Oprah Winfrey’s mother, Vernita Lee, dies at 83

MILWAUKEE — Oprah Winfrey’s mother, Vernita Lee, died at her Milwaukee home last week, her family announced Monday. She was 83.

A Winfrey spokeswoman on Monday issued a statement saying Lee died at her Milwaukee home on Nov. 22. The spokeswoman says private funeral services were held. No other details were provided.

Lee was 18 when she gave birth to her first child in rural Mississippi, naming her Orpah, but the girl became known as Oprah but because everyone mispronounced it. Lee later moved to Milwaukee and Oprah, then 6, moved to live with her mother.

Lee died on Thanksgiving at the age of 83.

After living with her grandmother in Mississippi for the first six years of her life, Oprah traveled to Milwaukee to live with her mother. Lee gave birth to Oprah’s younger half-sister, who died in 2003.

Winfrey recalled a favorite story about her mother during a 2003 visit to the city of Pewaukee. Speaking at the National Association for the Advancement of Colored People’s annual Freedom Fund dinner, she said her best Christmas ever was in Milwaukee when she was 12.

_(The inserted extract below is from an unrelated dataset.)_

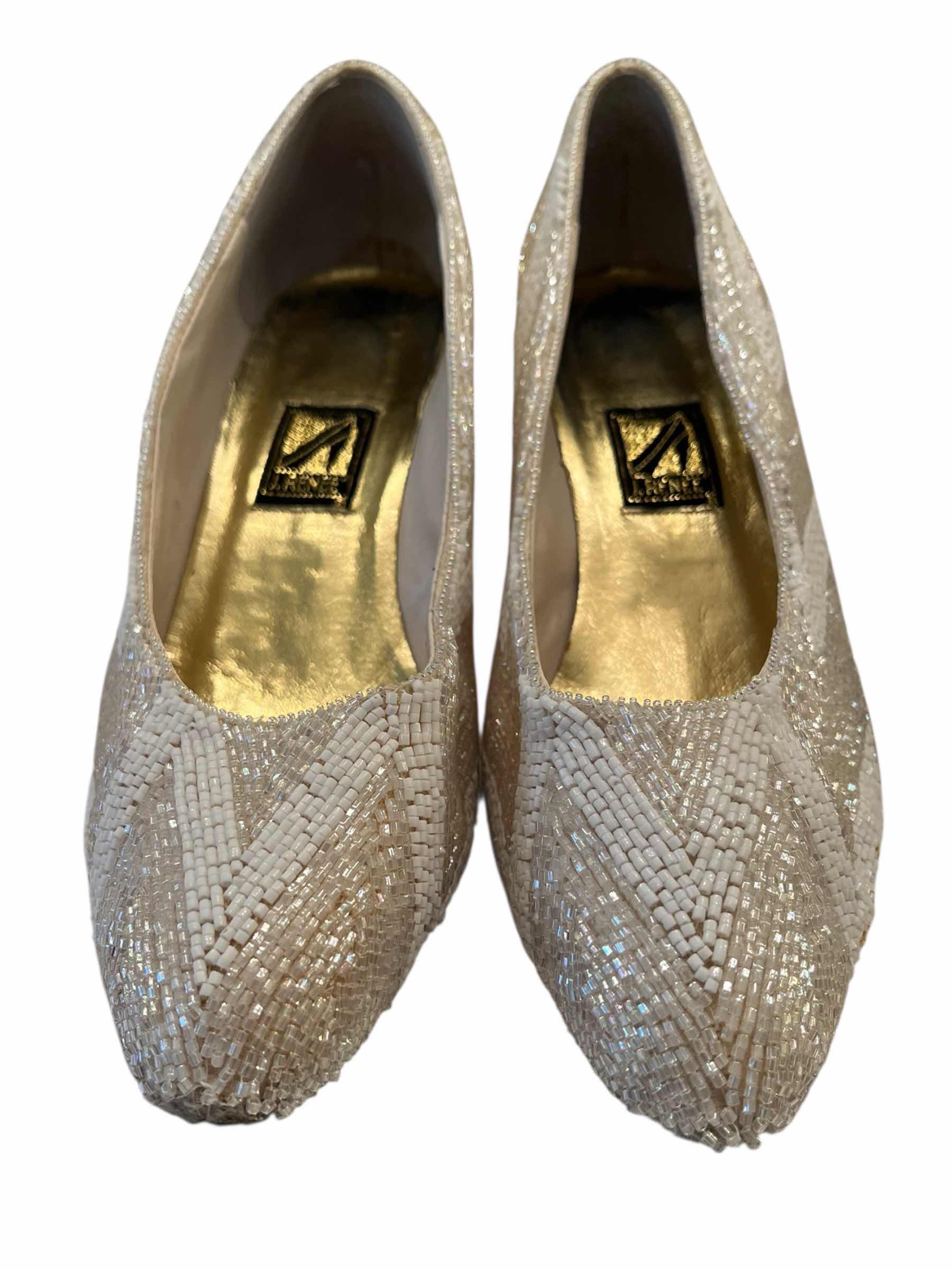Photo 1 of !!!!VINTAGE J.RENEE BEADED HEELS WOMENS SIZE 8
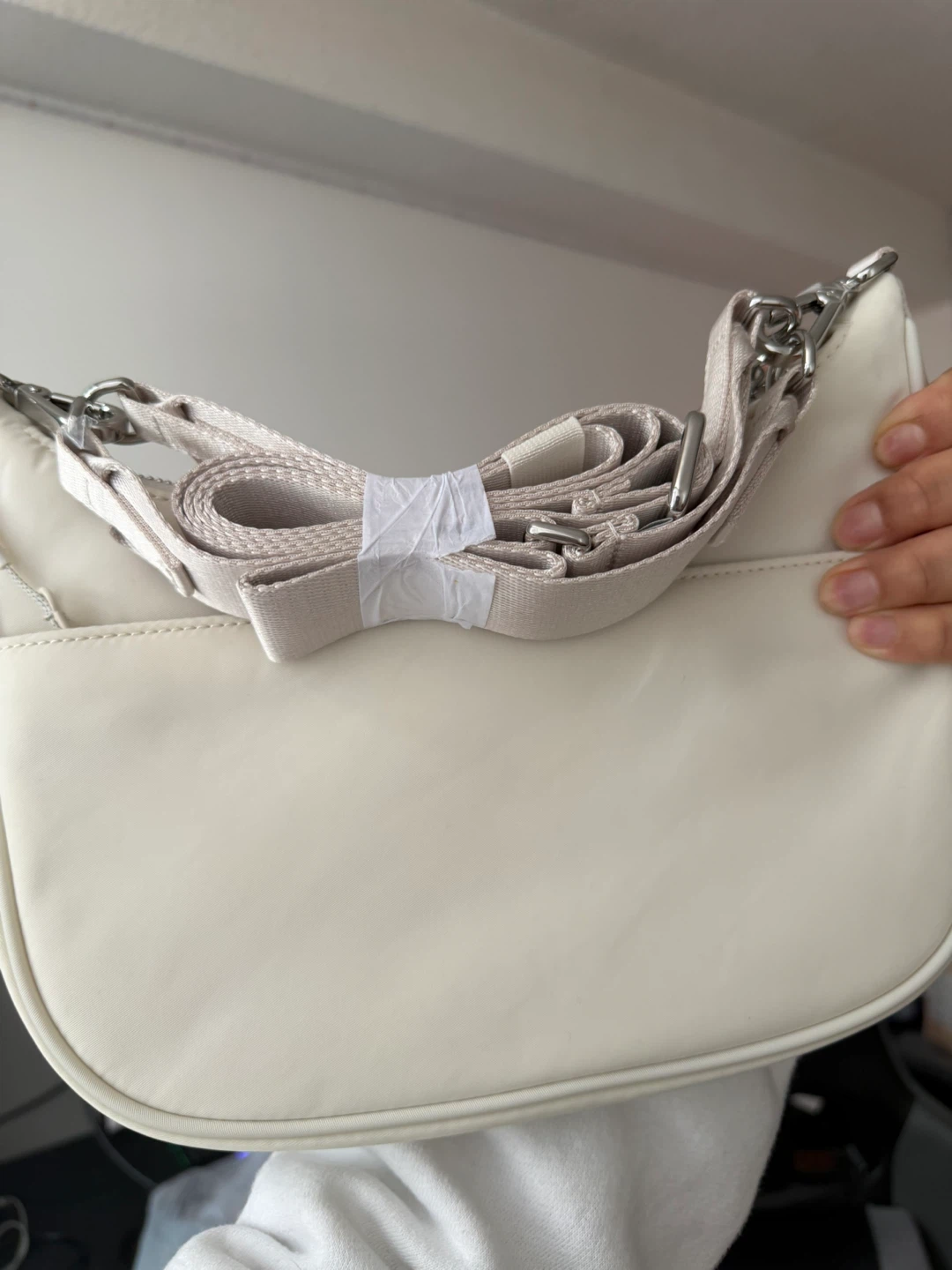 Lululemon City Essentials Small Shoulder Bag - White - photo 3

Lee, who was working as a maid in Fox Point, told Winfrey that Santa Claus was not coming that year because the single mother didn’t have much money to buy presents. But on Christmas Eve, nuns brought food and toys for Winfrey and her siblings.

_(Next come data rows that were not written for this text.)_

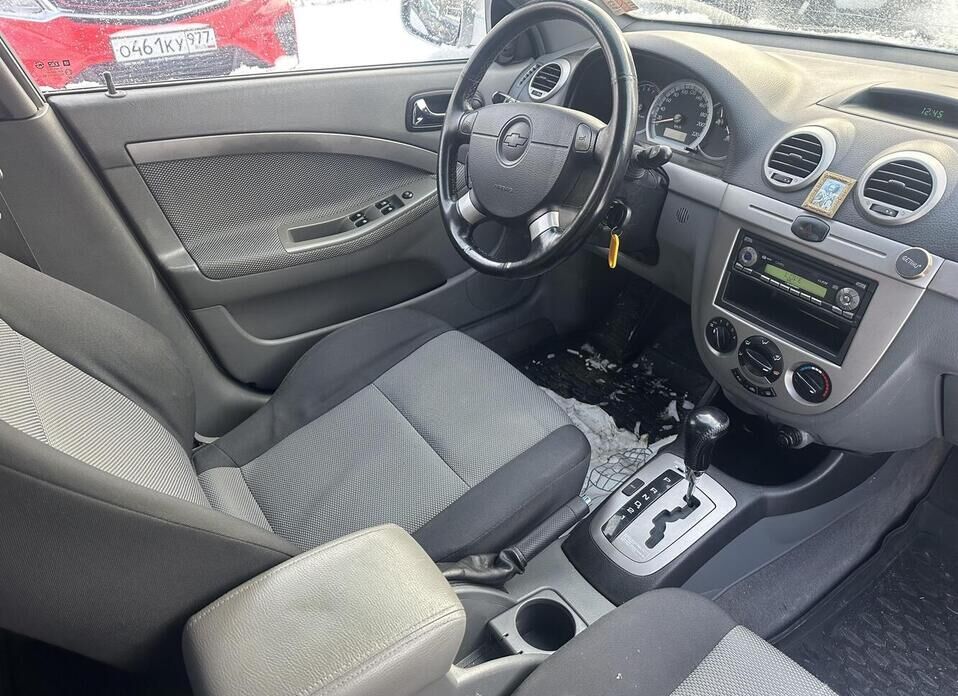 Chevrolet Lacetti 1.6 AT (109 л.с.)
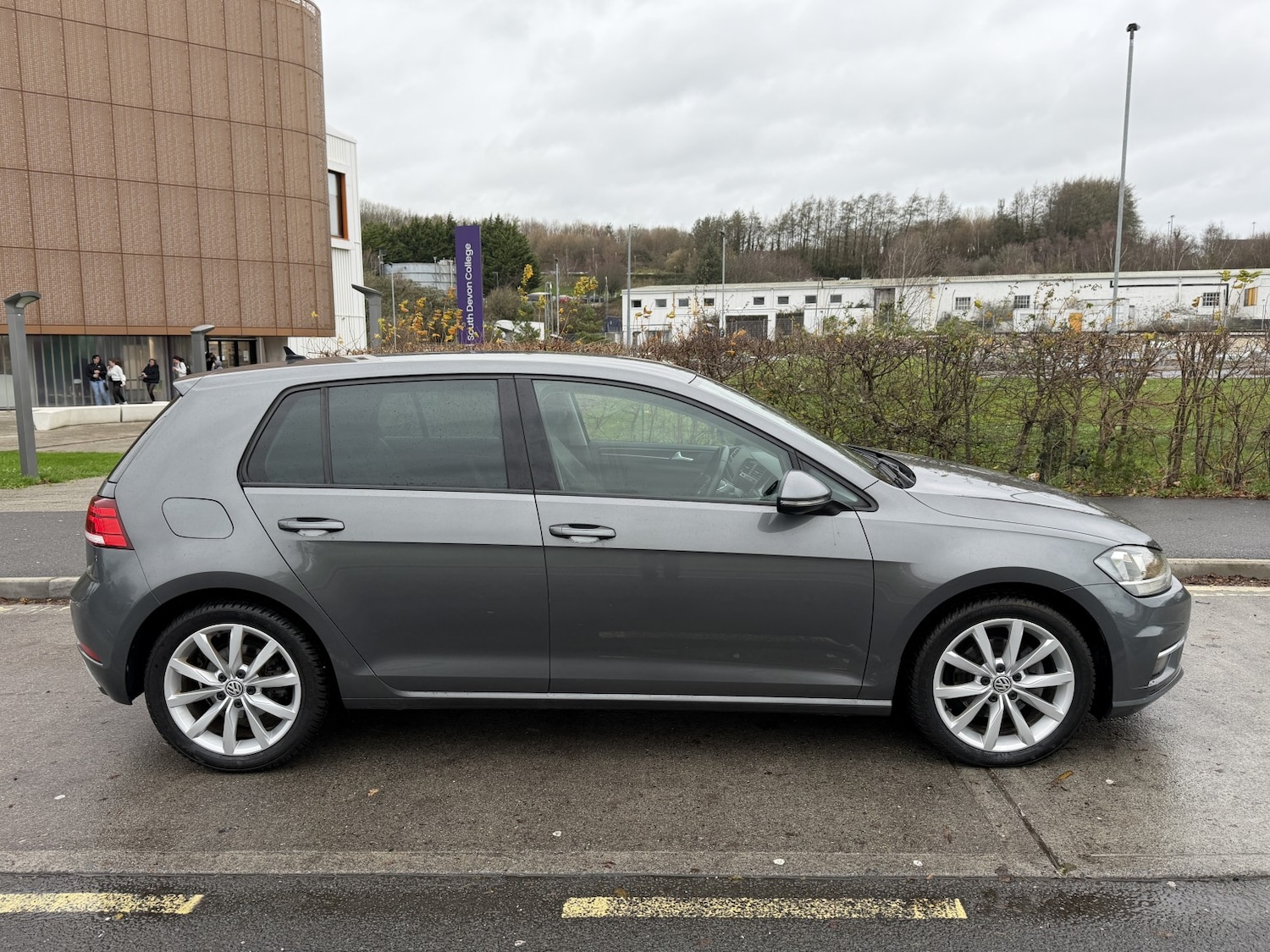 Used Volkswagen Golf 2017 for sale - 77225169: Photo 7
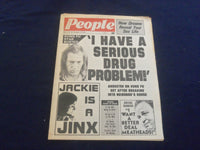 1974 NOVEMBER 17 MODERN PEOPLE NEWSPAPER- CARRADIN: I HAVE DRUG PROBLEM- NP 5685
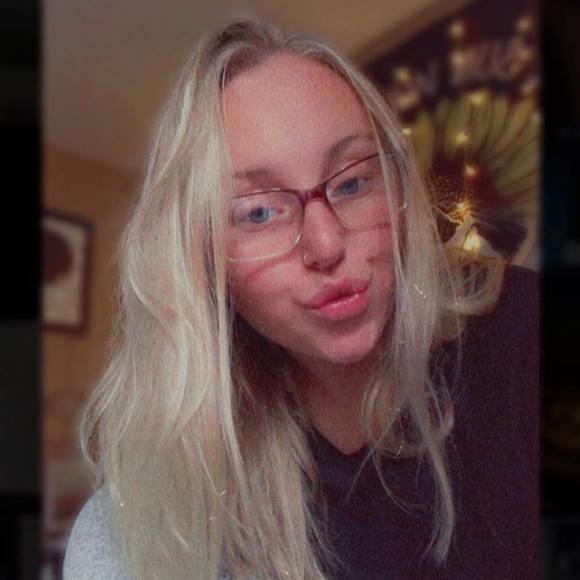 Profile Picture of Haley Luckenbill (@haleyluckenbill) on Poshmark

Winfrey said that experience was one of many that taught her that through giving “you enlarge the spirit of somebody else.”

Lee was a lifetime member of the NAACP, and her daughter joked at the dinner that Lee had been asking her for years to come to Waukesha County to speak at the Freedom Fund event. Lee and a friend who was the NAACP Waukesha branch president sometimes attended tapings of her TV show in Chicago bearing cakes to bribe Winfrey into coming to the dinner.

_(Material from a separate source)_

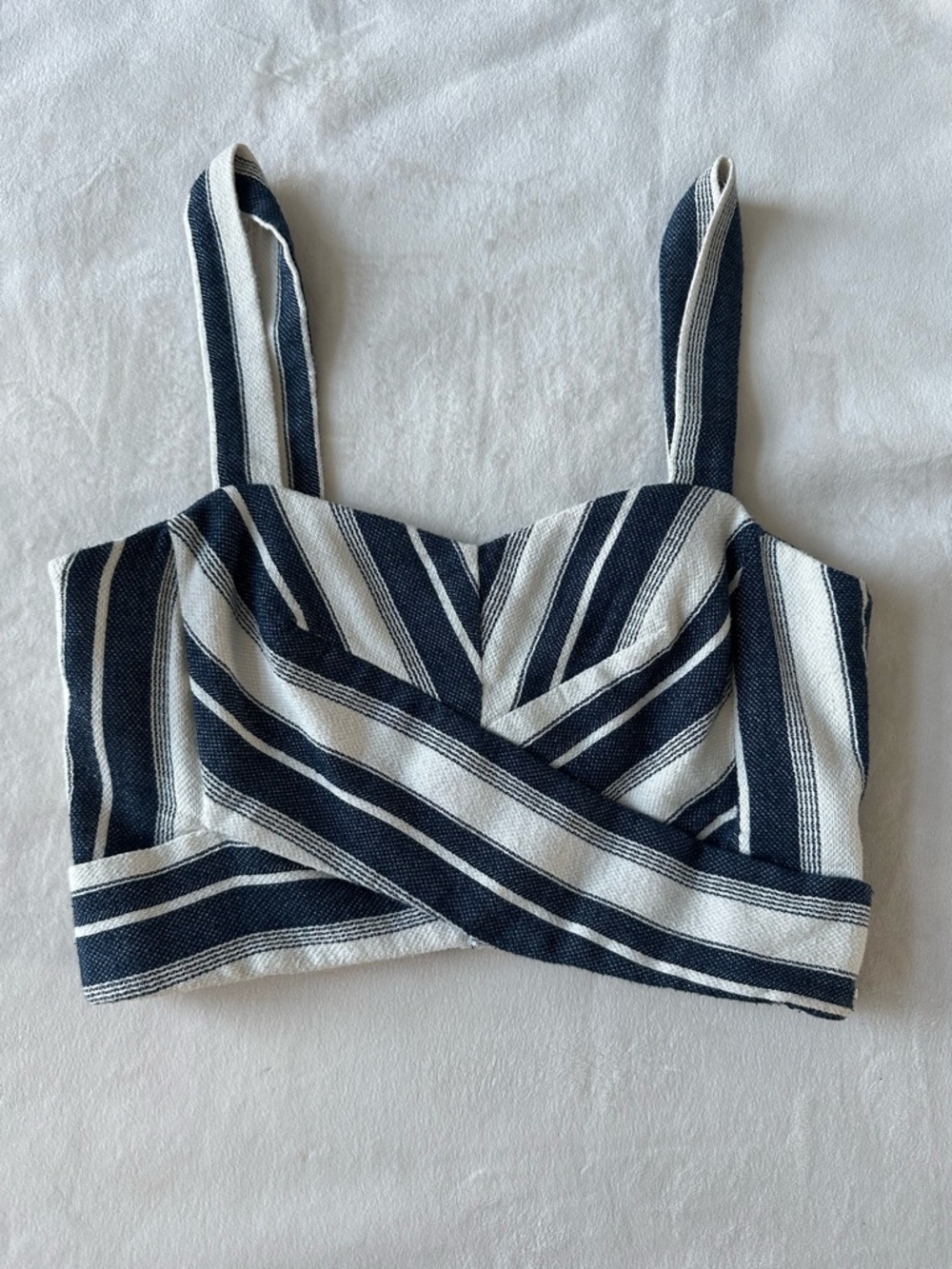 Line & Dot linen crop top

“Coming to Waukesha County on a Saturday evening was not my idea of a great time,” Winfrey said to an amused crowd. “But my mama convinced me it was gonna be a ‘wonderful evening.’”

In 2011 Lee appeared on her daughter’s television show with a Milwaukee woman who was put up for adoption by Lee in 1963. Winfrey said on her show that she was stunned to learn about her sibling, Patricia Amanda Faye Lee, who also appeared on the show.

Patricia Lee was put up for adoption when Winfrey was 8 and living with her father.

Lee said she never told Winfrey about her half-sister “because I thought it was a terrible thing for me to do. … I made the decision to give her up because I was unable to totally take care of her.”

Winfrey said she had made peace with Lee’s decision. “To my mother, I say, ‘You can let this shame go.’”

Winfrey later moved back to Milwaukee to live with her mother, a relationship that was difficult, and Winfrey later said that she ran away from home and gave birth at the age of 14 to a baby that died soon after birth. After her daughter attended Lincoln High School and Nicolet High School, Lee sent Winfrey to again live with her father in Tennessee.

Winfrey thrived in Nashville, becoming an honors student and earning a scholarship at Tennessee State University.

In the 2000s Lee was sued by a high-end fashion store for unpaid debts. Lee settled a $155,000 debt with Valentina Inc. in 2009.

Lee is survived by her daughters as well as four grandchildren and four great-grandchildren.

Private funeral services were held. The family directed memorials to Feeding America in Lee’s name.